Black Midi – ‘Cavalcade’
Black Midi’s second album Cavalcade has been hotly anticipated. 2019’s Schlagenheim was lauded by critics, winning the year’s Mercury Prize. Keeping busy during lockdown the quartet have released a spoken word anthology as well as a radio show on NTS Radio, whilst also performing a charity gig to save the infamous The Windmill venue in London, where the four got their first regular gig. The expectations surrounding what the band would make of this album, and what direction they would take, have been high. Cavalcade is alot more of an album, in every sense of the word. Black Midi don’t introduce songs as much as they present seemingly disparate riffs and rhythms, held together intricately and occasionally descending into noise. Alongside the musical extremes, the half-spoken half-sung spoken word that threads through the album speak of societal decay.
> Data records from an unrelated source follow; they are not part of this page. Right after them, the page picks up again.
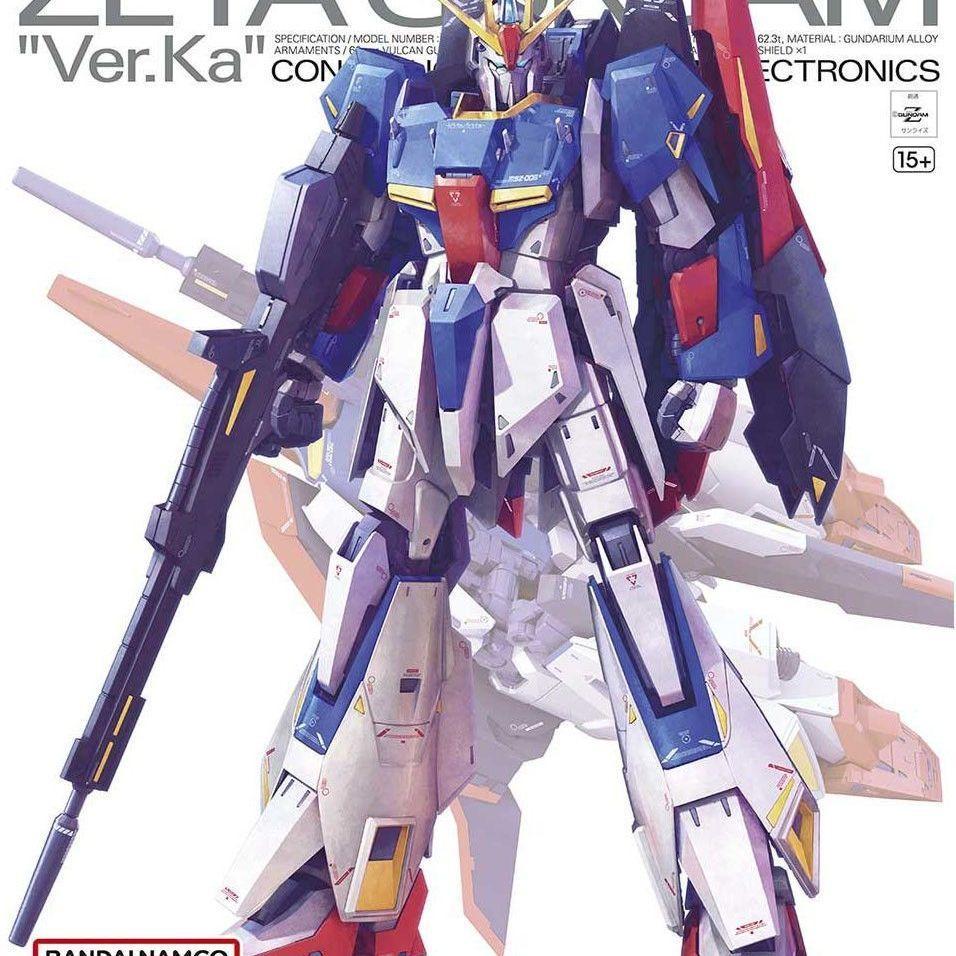 Bandai MG Card Version Z Up to 1/100 ZETA ver.ka Deformable Assembly Model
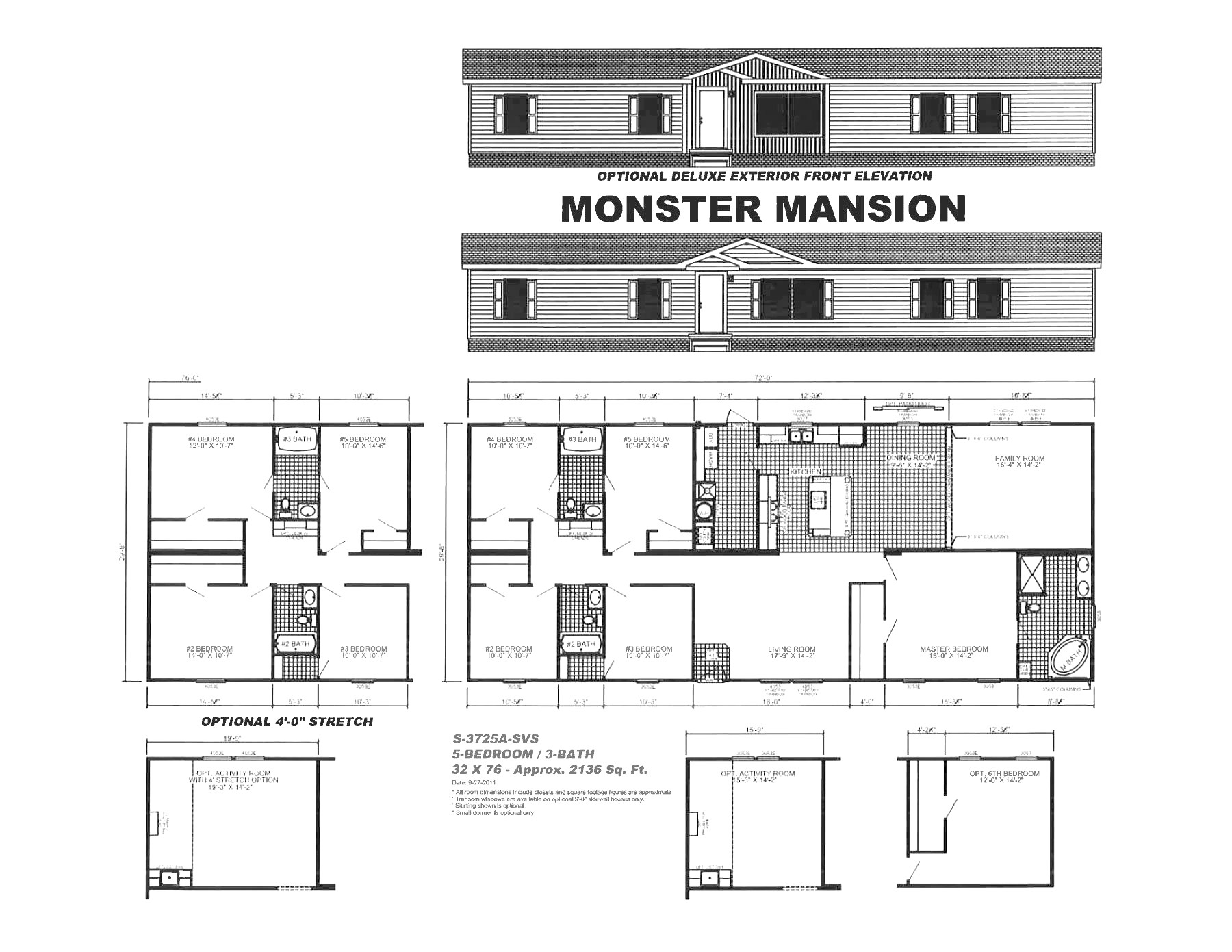 1999 redman mobile home floor plans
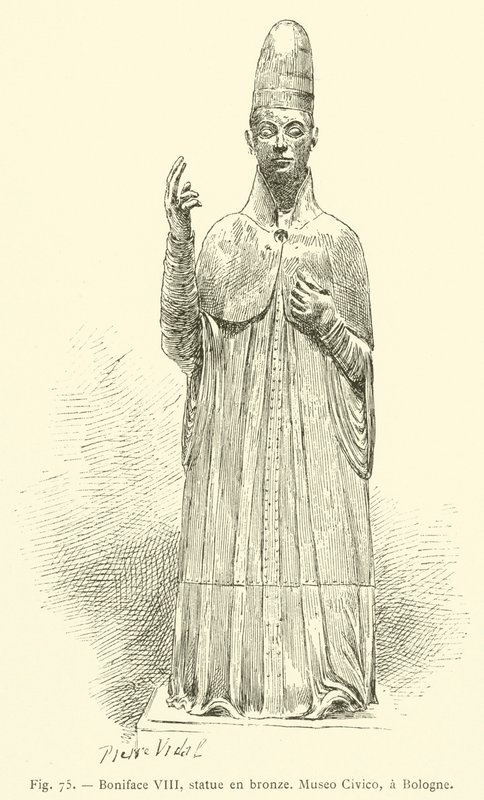 Boniface VIII, Bronze Statue, Civic Museum, Bologna by French School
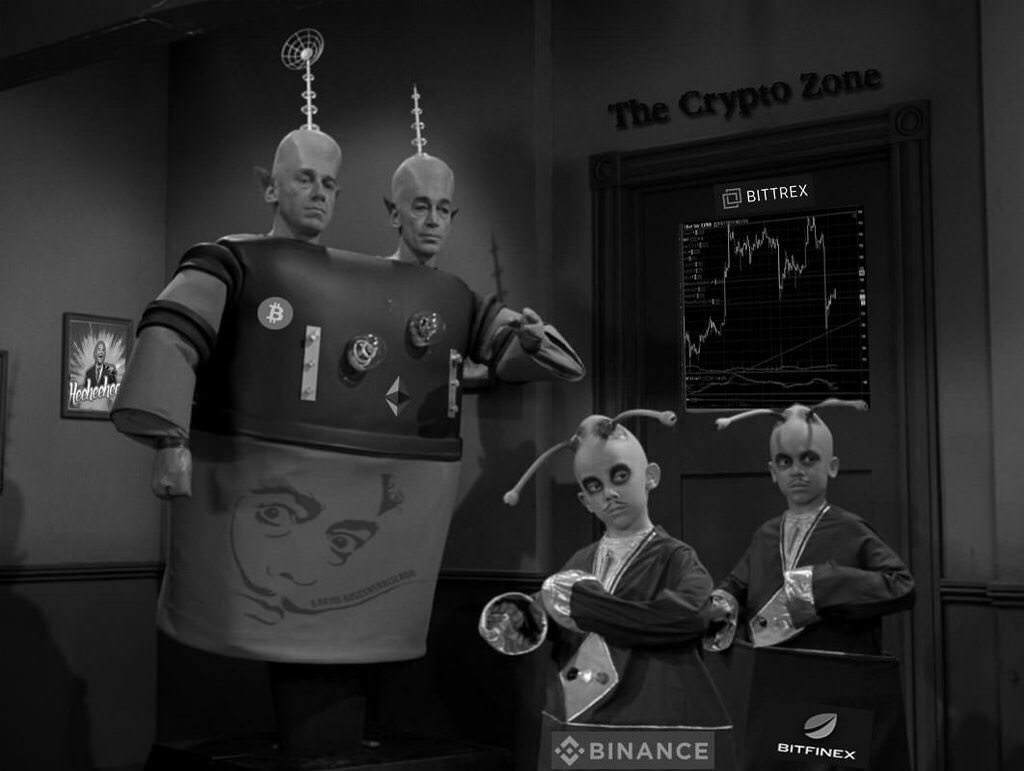 BingTrade's tweet photo. Submitted for your review, the strange tale of alien influence brought to you in.... The Crypto Zone
#Crypto #Bitcoin #Ethereum #cryptoexchange https://t.co/GJIf6CbRLA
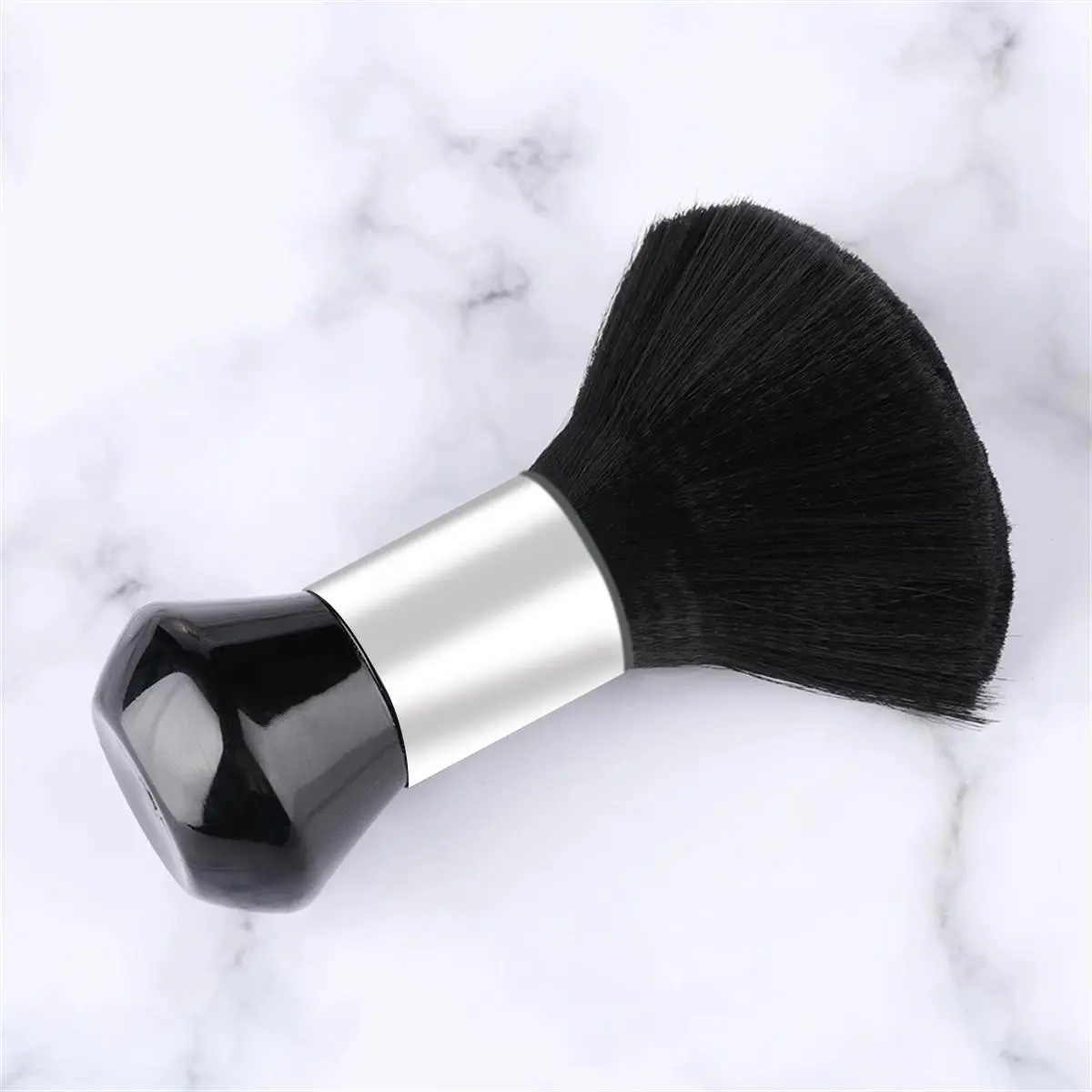 Black Cosmetic Hairdressing Sweeping Neck Hair Cleaning Duster Hair Cutting Brush for Barbershop Hair Cut Brush - Nylon Material Beauty Products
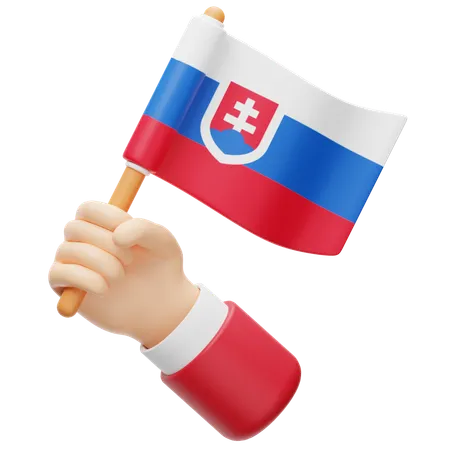 Drapeau de la Slovaquie  3D Icon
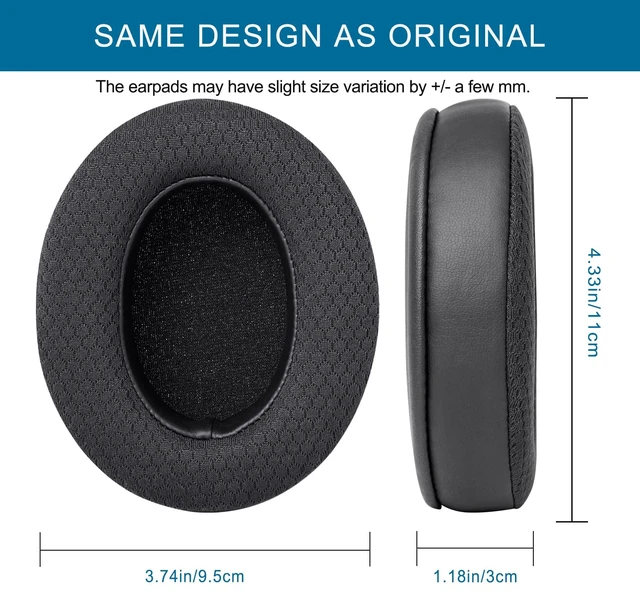 Alt view image 6 of 7 - Replacement Ear Pads for Sennheiser HD280/HD280-13/HD280-Pro/HD281 - Black Also for HMD280 / HMD280 Pro / HMD280-13 / HMD281 / HMD281 Pro Headphones, Earpads Cushions with Upgrade Memory Foam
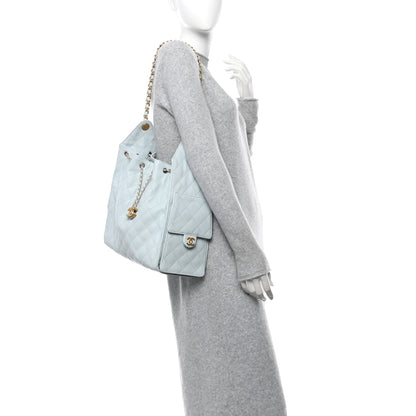 Chanel Caviar Quilted Medium Chanel 25 Handbag Light Blue 3 of 13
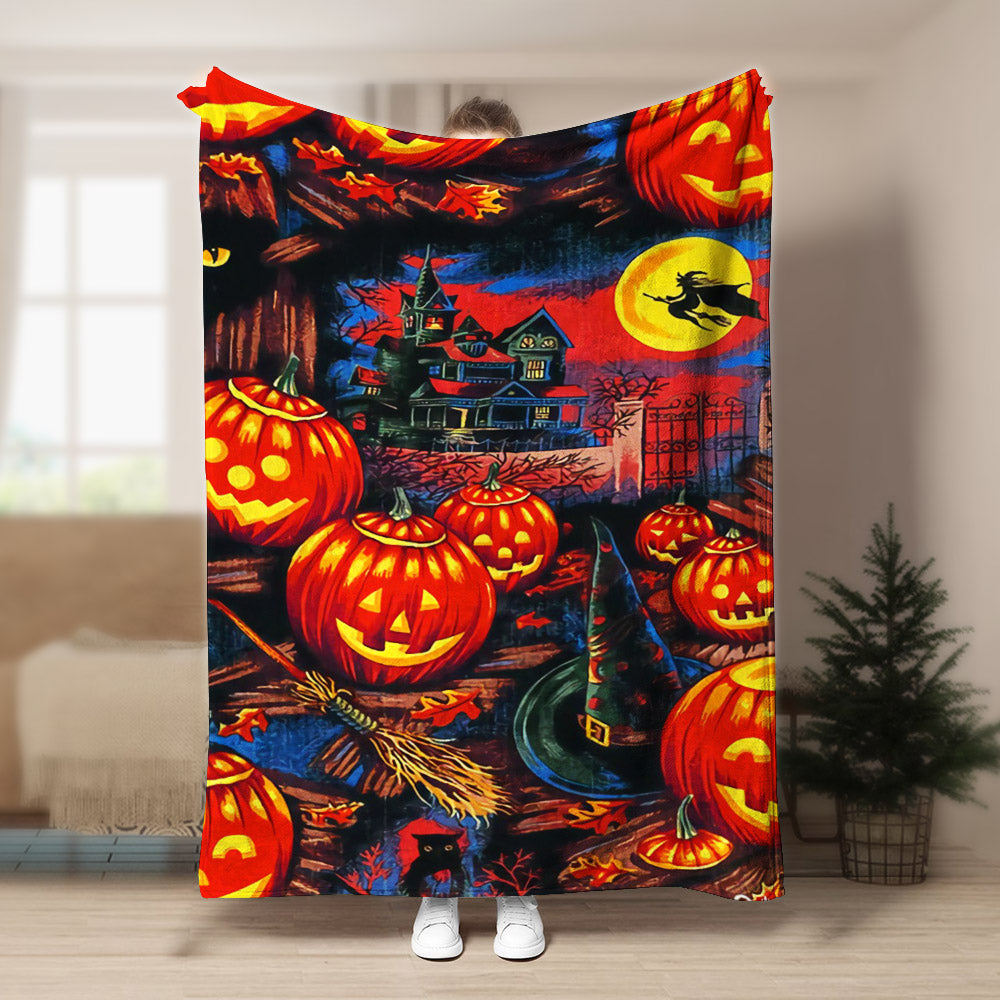Halloween DP260872F Sherpa Fleece Blanket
Perhaps a stand out in the album, due to its difference is Marlene Dietrich. The only ballad that offers something in the way of a straightforward melody, the song also delivers the only potentially ‘sung’ song on the album. Diamond Stuff dedicates about half of its length to an acoustic guitar, whilst Hogwash and Balderdash is more derisive. Overall the musicianship is impressive, even if the music is occasionally, and risks, being unintelligible. Black Midi have managed to make an album that takes in fresh influences, whilst retaining their uniqueness to start with. The most important takeaway is to spend time listening to the album, as each listen seems to show a new level to the extremtities it puts on show. (Tamsin Paternoster)
Easy Life – ‘Life’s A Beach’
Despite popular capitalistic belief idleness can indeed be an important source of creativity and British pop history is packed with stories that underline that. Easy Life from Leicester are the latest sparkling new band that turns the lack of perspective of their small town roots into mighty anthems for the misfits. But in the case of bandleader Murray Matravers and his fellow mates that didn’t result in gloomy post-punk or furious garage rock but rather into sun-drenched summery pop gems with honest and subtle stories in them. So yeah, Easy Life aren’t the next IDLES or Black Country, New Road, yet they share a similar attitude especially in their avoidance for strict genre limitations. They oppose the current desire for bleakness with authentic optimism and an open-minded desire to chill the fuck out and that’s what their debut album Life’s A Beach is basically about. “There is nobody else who can do you like you can do … so just be,” Matravers sings in the opening A Message To Myself which is a powerful little gospel of self-affirmation. “Stay focussed, stay hopeful” he states before the smooth Have A Great Day and Ocean Views take the entire album to delicate pool party territory.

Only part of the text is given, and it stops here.